↓
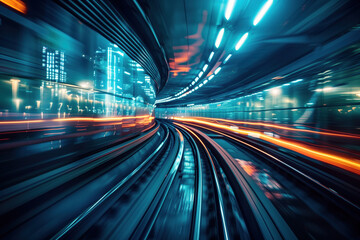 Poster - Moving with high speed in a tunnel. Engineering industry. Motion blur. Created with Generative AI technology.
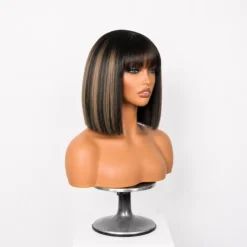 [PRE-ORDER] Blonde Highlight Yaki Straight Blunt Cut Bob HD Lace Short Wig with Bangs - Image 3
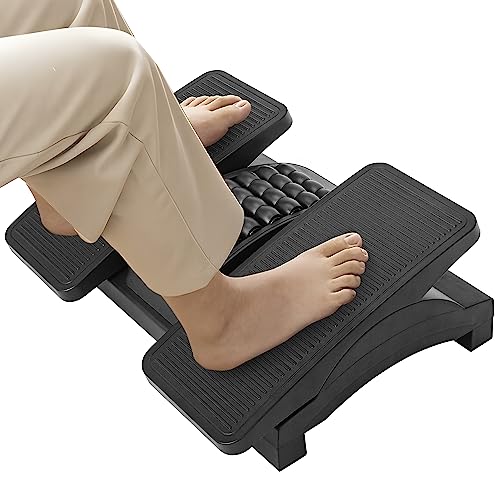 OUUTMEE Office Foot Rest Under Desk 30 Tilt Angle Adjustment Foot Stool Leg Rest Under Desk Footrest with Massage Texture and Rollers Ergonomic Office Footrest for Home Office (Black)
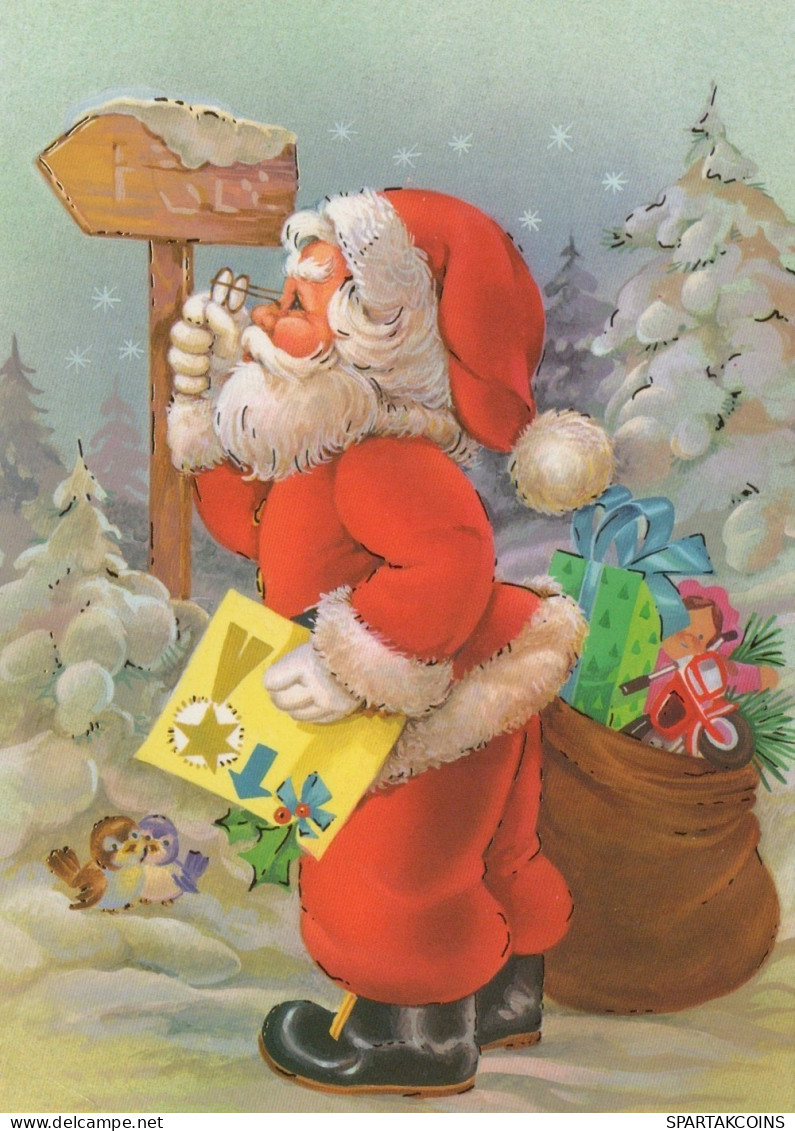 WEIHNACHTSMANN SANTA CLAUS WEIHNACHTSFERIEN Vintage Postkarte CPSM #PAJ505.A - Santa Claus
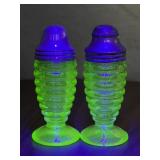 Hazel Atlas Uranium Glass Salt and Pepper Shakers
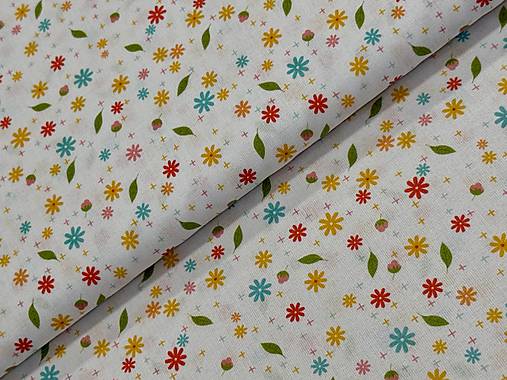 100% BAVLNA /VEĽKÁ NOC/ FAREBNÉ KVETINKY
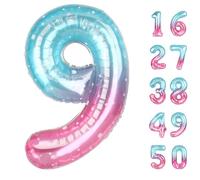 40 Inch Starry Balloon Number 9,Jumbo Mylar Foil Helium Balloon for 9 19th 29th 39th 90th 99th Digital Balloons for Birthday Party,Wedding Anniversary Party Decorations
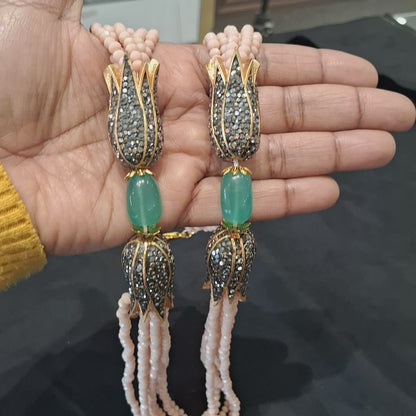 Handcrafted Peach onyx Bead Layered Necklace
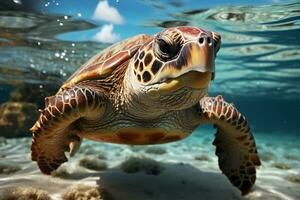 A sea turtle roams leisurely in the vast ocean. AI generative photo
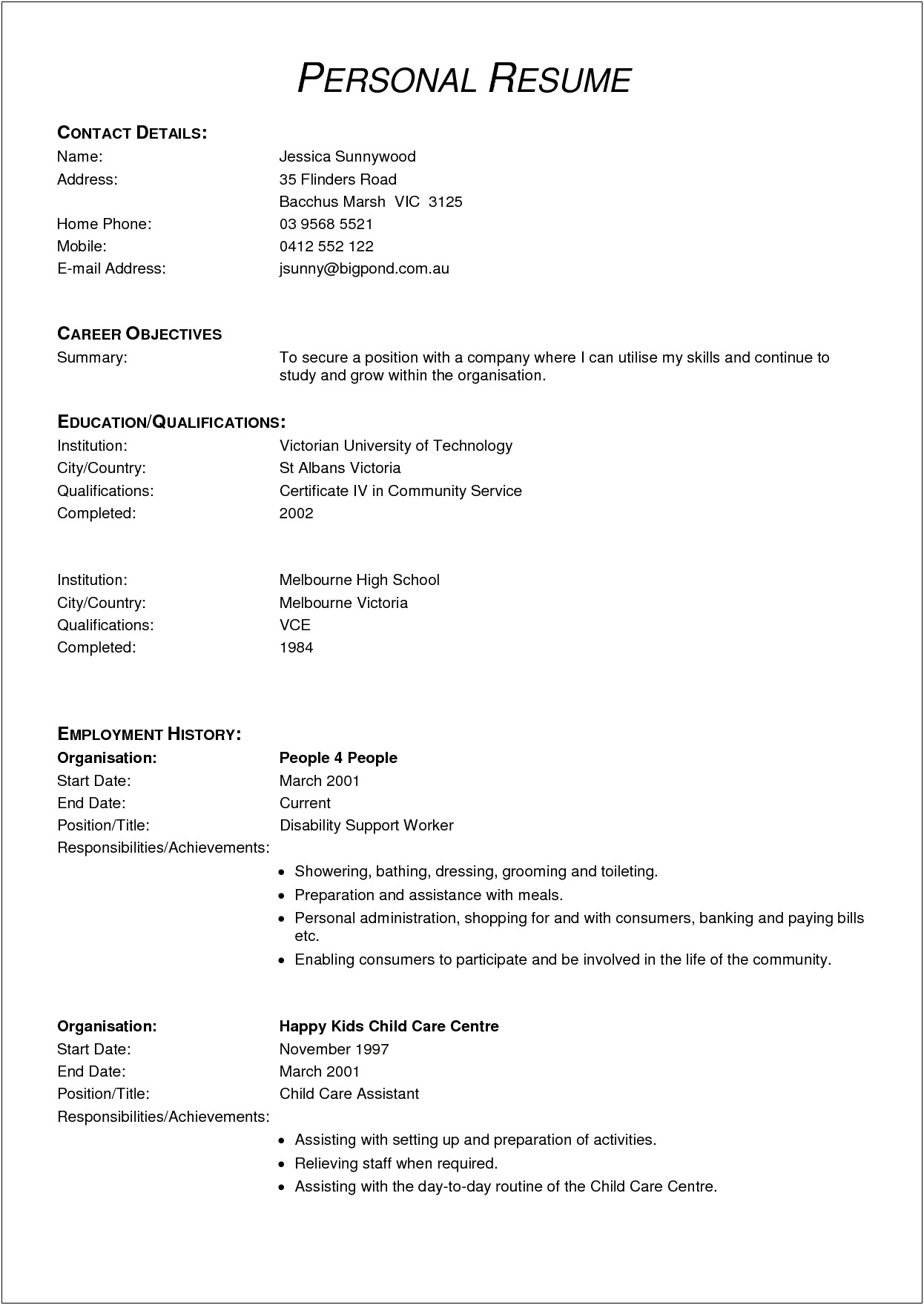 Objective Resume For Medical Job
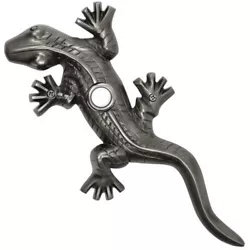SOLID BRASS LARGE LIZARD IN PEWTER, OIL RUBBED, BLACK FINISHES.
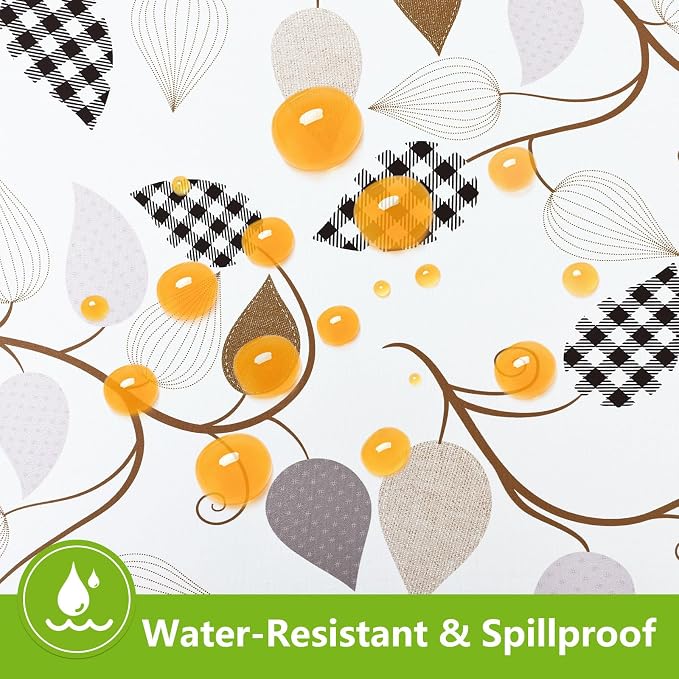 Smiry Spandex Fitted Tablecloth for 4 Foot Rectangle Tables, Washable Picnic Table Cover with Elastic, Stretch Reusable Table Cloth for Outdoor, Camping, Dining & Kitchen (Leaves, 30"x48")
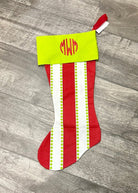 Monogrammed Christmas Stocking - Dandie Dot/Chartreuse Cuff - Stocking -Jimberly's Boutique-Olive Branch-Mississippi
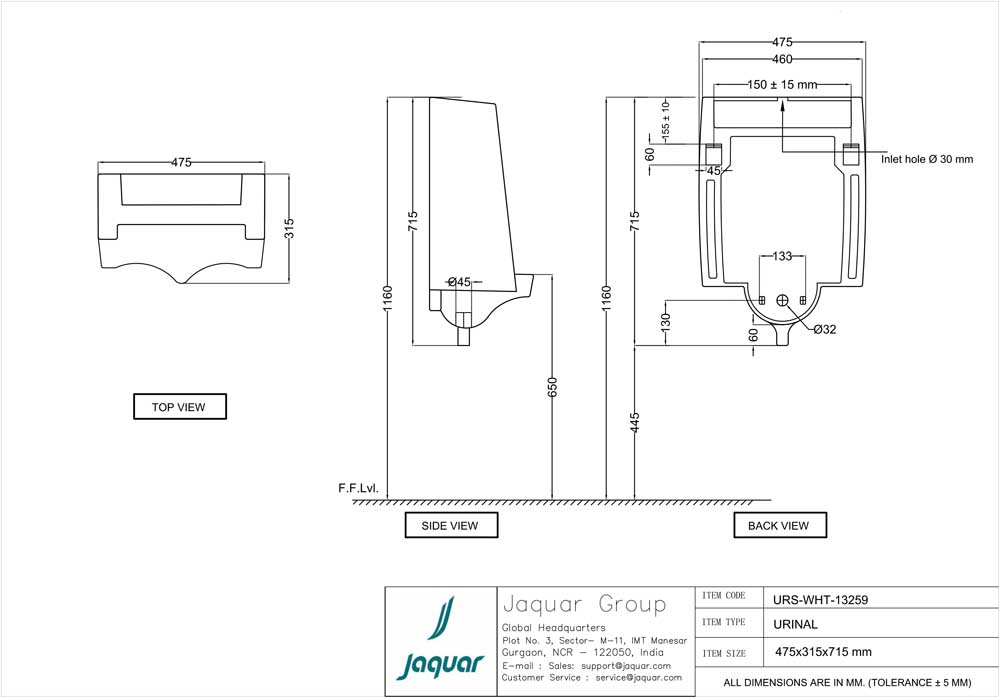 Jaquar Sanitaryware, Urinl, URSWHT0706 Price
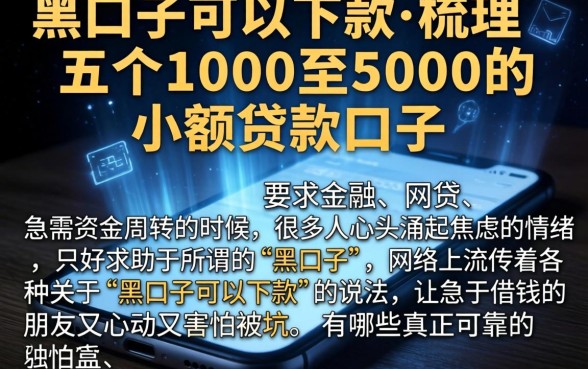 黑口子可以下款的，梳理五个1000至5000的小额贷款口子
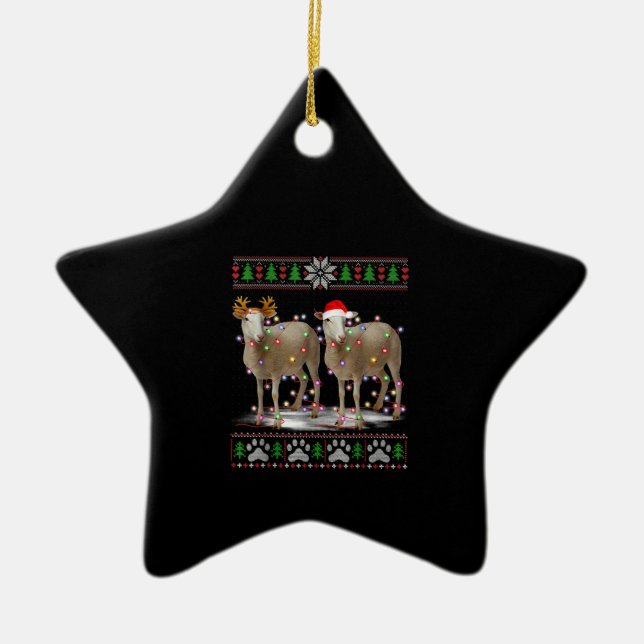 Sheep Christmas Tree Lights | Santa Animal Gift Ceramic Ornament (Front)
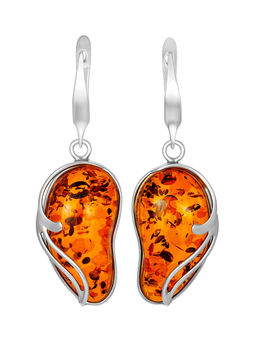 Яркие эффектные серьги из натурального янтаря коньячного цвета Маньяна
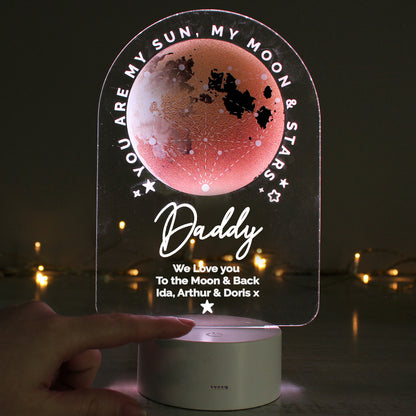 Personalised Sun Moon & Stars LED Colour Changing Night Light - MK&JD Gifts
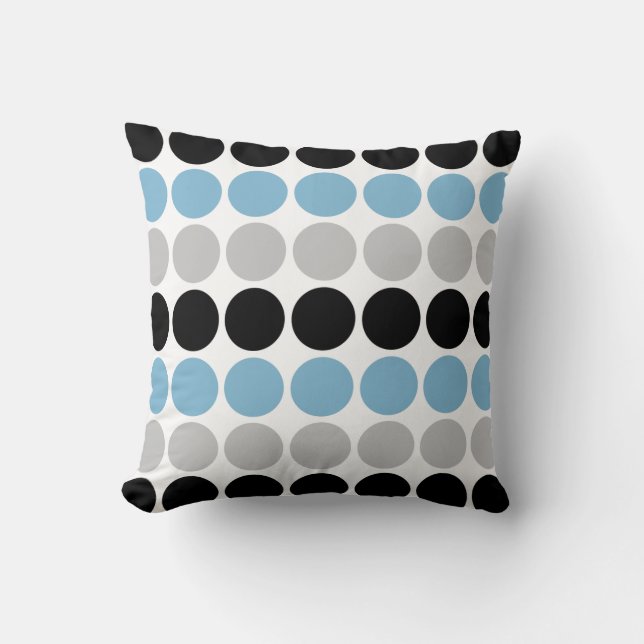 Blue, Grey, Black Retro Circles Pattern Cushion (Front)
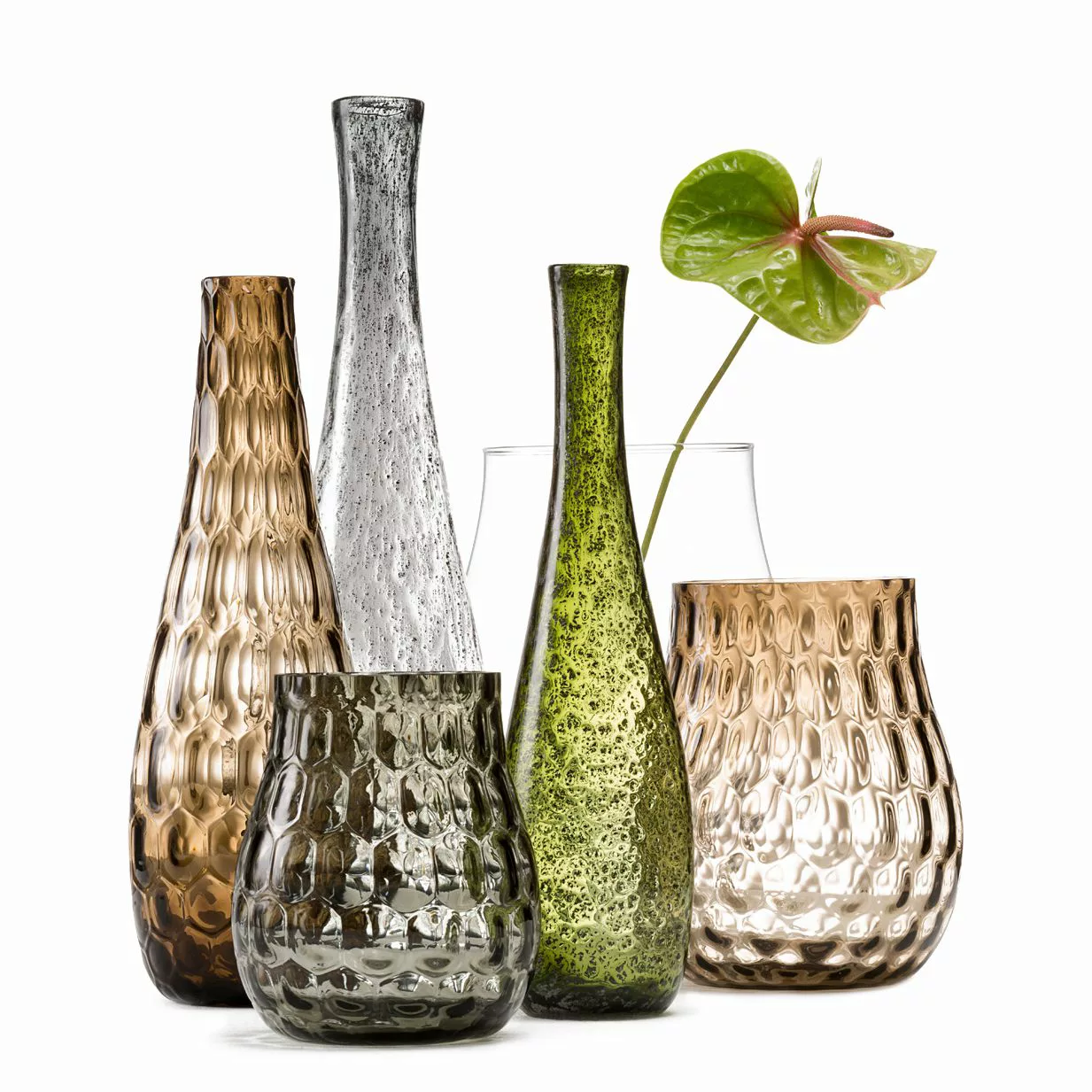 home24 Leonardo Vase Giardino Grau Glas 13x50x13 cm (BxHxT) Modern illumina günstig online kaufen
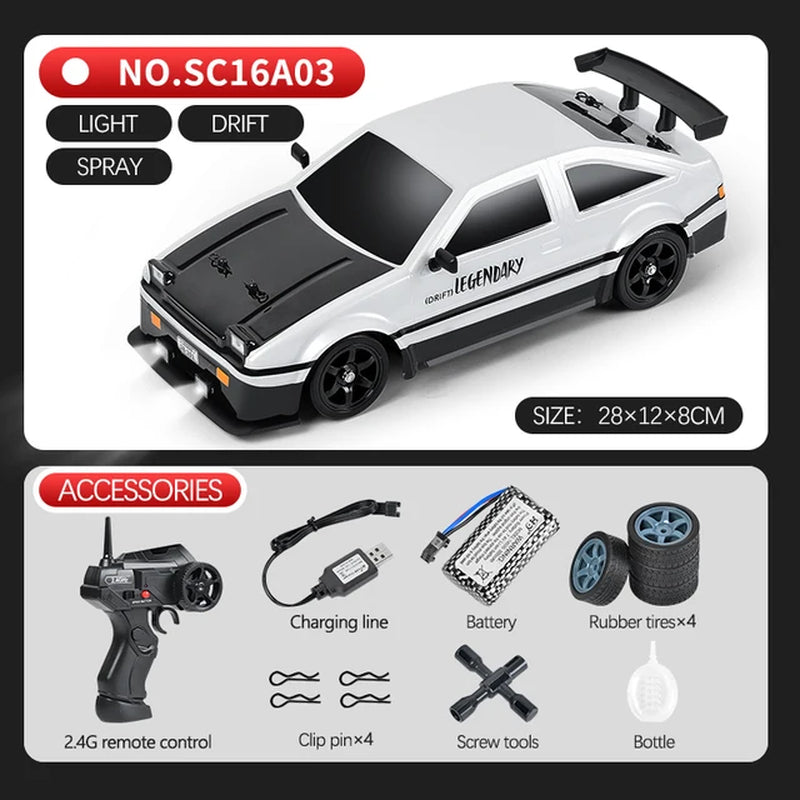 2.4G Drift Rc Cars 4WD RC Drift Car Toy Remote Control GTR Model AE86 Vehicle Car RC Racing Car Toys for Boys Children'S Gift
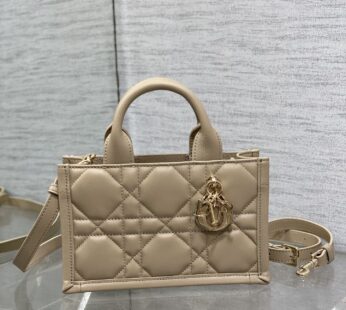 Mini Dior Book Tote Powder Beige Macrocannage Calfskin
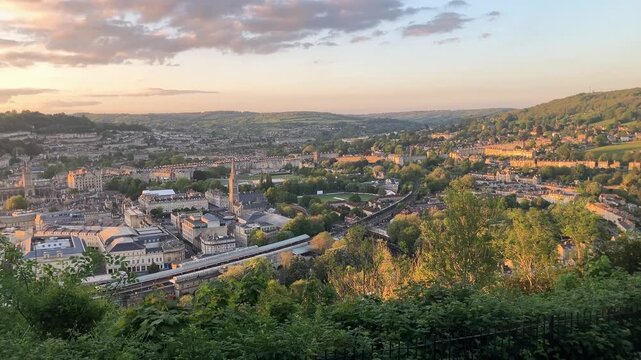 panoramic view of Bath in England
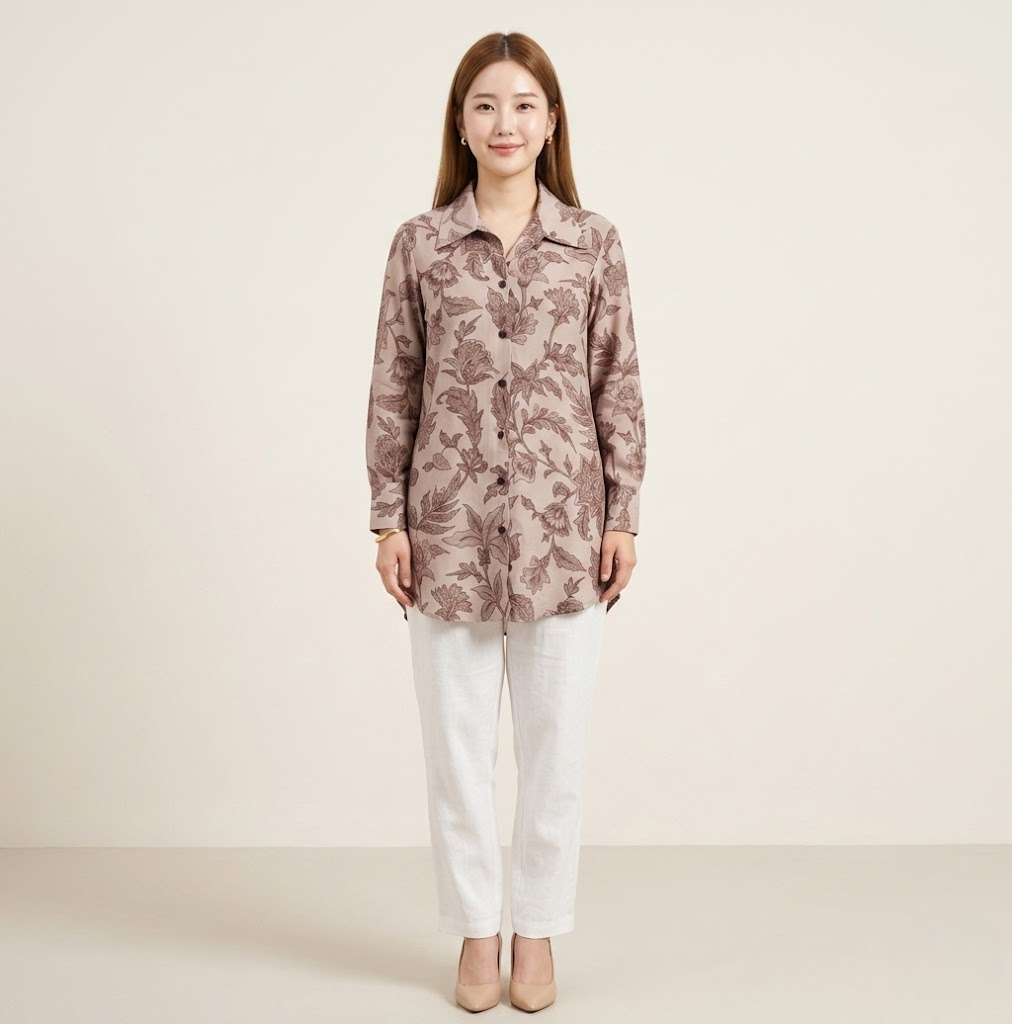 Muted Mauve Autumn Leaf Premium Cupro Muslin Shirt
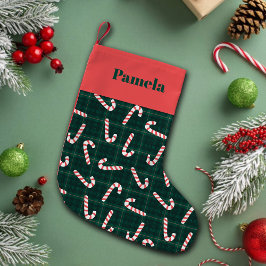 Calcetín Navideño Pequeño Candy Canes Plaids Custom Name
↑
Within the listing above, find the line containing "黑口子可以下款的，梳理五个1000至5000的小额贷款口子" and the line containing "Blue, Grey, Black". Transcribe them and everything between them exactly, leaving out the pictures.

 黑口子可以下款的，梳理五个1000至5000的小额贷款口子
 Sheep Christmas Tree Lights | Santa Animal Gift Ceramic Ornament (Front)
 Яркие эффектные серьги из натурального янтаря коньячного цвета Маньяна
 Personalised Sun Moon & Stars LED Colour Changing Night Light - MK&JD Gifts
 Blue, Grey, Black Retro Circles Pattern Cushion (Front)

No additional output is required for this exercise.